SPACE STATIONS: WHAT COMES NEXT?
The future of the ISS is uncertain
The ISS is living on borrowed time. It has had several lifetime extensions before – first taking it beyond 2016, then to 2020, and finally through 2024. But all the signs are that NASA funding will dry up in 2025. NASA hopes that other countries and private companies will take over operating its modules. The trouble is, the ISS costs $3-4bn a year to operate, so it’s not clear how viable this will be. Rumoured alternatives include the ISS being broken up and individual modules sold off to private companies, or it being allowed to fall into Earth’s atmosphere and burn up.
Private space stations
Some businesses have their sights set on building their own space stations from scratch. One front-runner, Bigelow Aerospace, has an expandable module, BEAM, that was latched onto the ISS in 2016 (above). The next step for Bigelow will be to launch larger inflatable modules. These units will expand out to 330m3 and it is anticipated that two will be ready for launch by 2021. Another company is Axiom Space. Its president and CEO is Michael Suffredini, a former ISS programme manager. Axiom also plans to link modules to the ISS before going it alone.

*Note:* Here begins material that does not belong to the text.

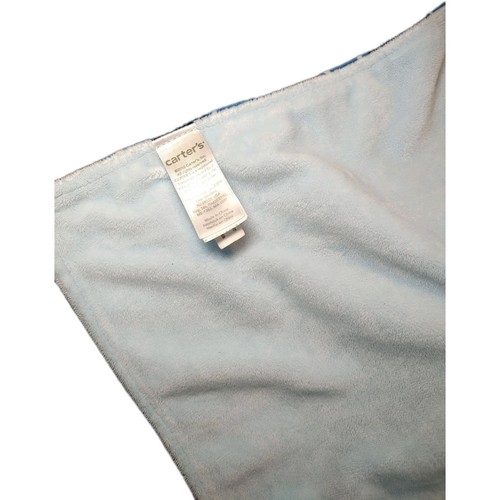Carters Lovey Security Blanket Plush Football Blue Navy White Brown Sports Baby - Picture 4 of 4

Book yourself a space station vacation
The next generation of space stations will be designed for tourists as well as astronauts. Houston-based Orion Span plans to offer stays aboard its luxury Aurora Station (below) from 2022. At $9.5m, a trip to low Earth orbit won’t come cheap. The experience will start with a three-month training plan, beginning with an app that it plans to release in 2019. Then it’s off to Orion Span’s facility in Texas, to learn about spacecraft systems and get some weightlessness practice. During the 12-day flight, visitors will be able to experience zero gravity, see the aurora borealis and grow food.
Russian rumours and Chinese certainty
While Russia is involved with the development of Gateway, there have been other reports too. One of these is that Russia plans to hive off some of its most recently added ISS modules in order to create a new station in low Earth orbit. But China has plans too. In 2011, it launched a space lab, Tiangong-1, which ended service in 2016. A successor, Tiangong-2 (above), was launched in September 2016. China sees both as testbeds for its main project: a large modular space station. A core cabin module is slated for launch in 2020, with the goal of having the station up and running by 2022.